What this task involves » Where the line containing "Anaita Brown Cotton" appears below, begin there and reproduce each line exactly through the last one, omitting pictures.

Input data »
____
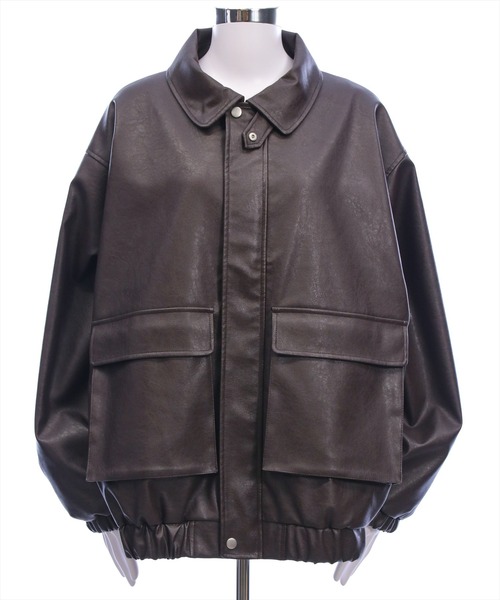 clear（クリア）の「レザーロング丈ブルゾン［大人 カジュアル 着回し力抜群］≪新作≫（ブルゾン・レディース・アイボリー/ブラック/ブラウン・F）」の10枚目の写真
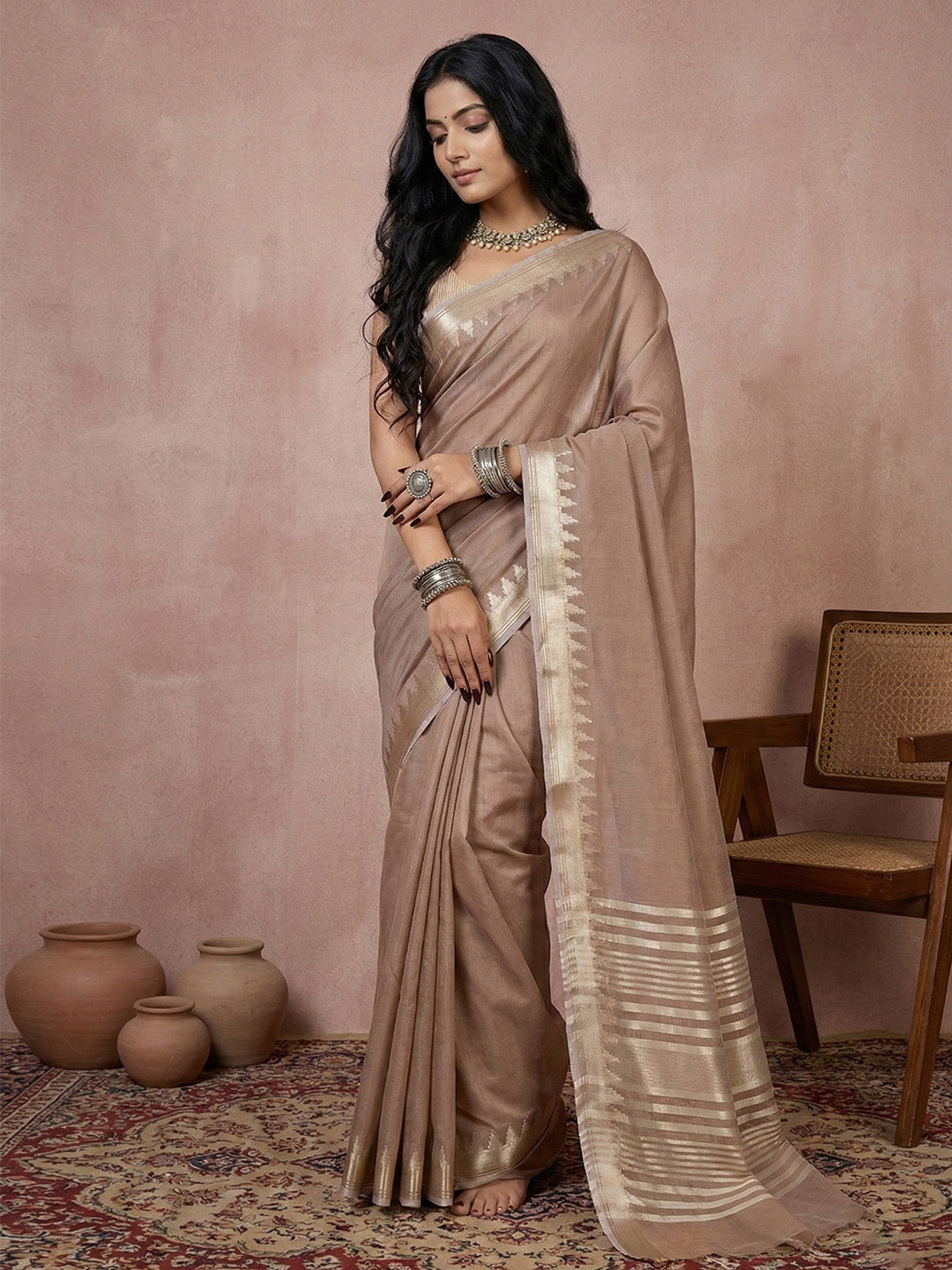 Anaita Brown Cotton Saree With Blouse | Grocsy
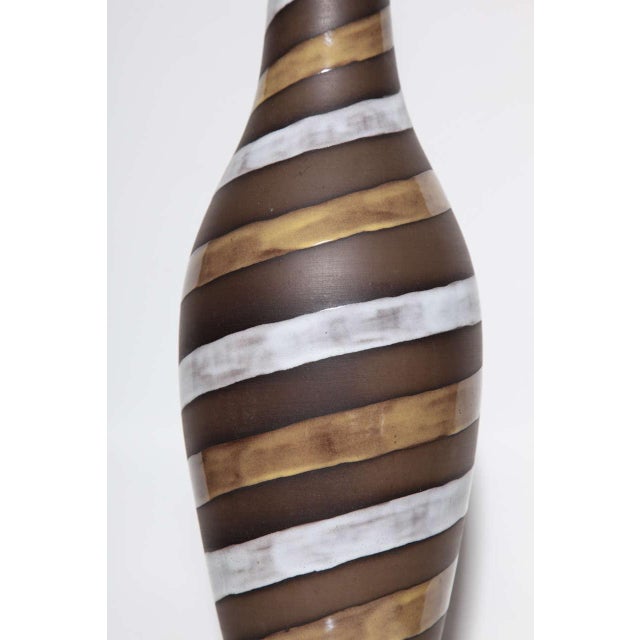 1950s 1950s Ingrid Atterberg for Upsala Ekeby Brown and White "Spiral" Ceramic Lamp For Sale - Image 5 of 10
____
Exercise solution »
 Anaita Brown Cotton Saree With Blouse | Grocsy
 1950s 1950s Ingrid Atterberg for Upsala Ekeby Brown and White "Spiral" Ceramic Lamp For Sale - Image 5 of 10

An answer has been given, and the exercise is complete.